Ein generelles Problem muss das nicht darstellen. Aber du solltest die Unterschiede nicht nur im Bereich Recht nicht unterschätzen. Auch das Sozial- und Gesundheitssystem funktioniert etwas anders als in Deutschland (neben vielen Parallelen).

Im Studium lernt man unter anderem, wie man sich neues Wissen aneignet. Das muss man nach einem Wechsel des Landes dann auch tun. Was man im Sozial- und Gesundheitssystem z.B. bei den Strukturen und Zuständigkeiten beachten muss, ist oft nur für Außenstehende wirklich kompliziert. Wenn man sich ein bisschen damit beschäftigt hat, steigt man da schnell durch.

Was die Unterschiede im rechtlichen Bereich angeht: Natürlich hat man nicht in jeder Beratungsstelle gleich viel mit rechtlichen Fragen zu tun. Wenn man aber z.B. in der Allgemeinen Sozialberatung tätig ist und Wohngeld (WoGG) nicht von Kosten der Unterkunft (SGB II) unterscheiden kann, wird man viele Beratungsfehler machen. Man kann sich auch nicht immer nur mit allgemeinen Aussagen retten, wenn man bei seinen Klienten dauerhaft glaubhaft rüberkommen will ("Ja, weiß ich auch nicht so genau, frag mal beim Jobcenter oder so" ist für Klienten meist nicht die Antwort, die sie hören wollen).

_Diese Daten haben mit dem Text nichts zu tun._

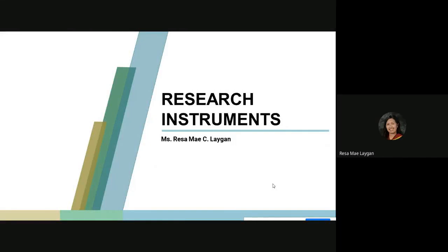Good day everyone, this is Ms. Reza May C. Ligan, and for today's session we're going to discuss about research instruments. This is important because in data collection, you are going to use these instruments, and these instruments will serve as your tool in collecting your data.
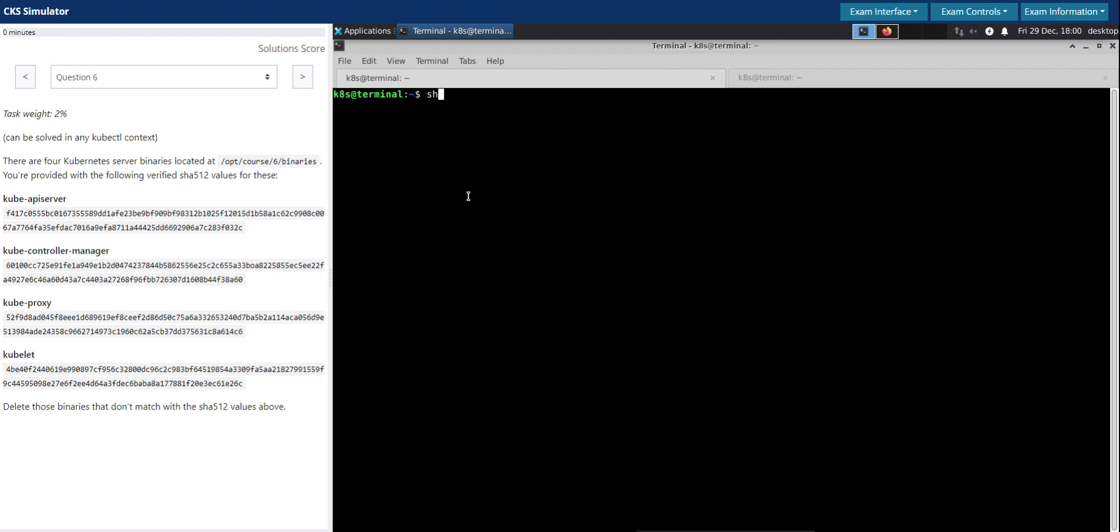We know SHA512 checksum is used to get the digest or the value of any binary files, and it is basically used to check the integrity of these binaries when we download from online to make sure it is not tampered with.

Wenn du dich bereits während deines Studiums in der Schweiz mit den entsprechenden Strukturen und Regelungen in Deutschland wenigstens grundlegend vertraut machst, dann sollte es bei der Arbeitsuche wenige Probleme geben. Ein Bachelor in Sozialer Arbeit an einer schweizerischen Hochschule sollte in Deutschland auch von Arbeitgebern problemlos anerkannt werden.

Nach dem Bachelor-Abschluss müsstest du dich allerdings auch um die staatliche Anerkennung kümmern, die in der Kinder- und Jugendhilfe fast immer Voraussetzung ist und in anderen Bereichen sehr häufig erfordert wird. Da gibt es je nach Bundesland unterschiedliche Stellen, die die staatliche Anerkennung bei im Ausland erworbenen Abschlüssen erteilen würden.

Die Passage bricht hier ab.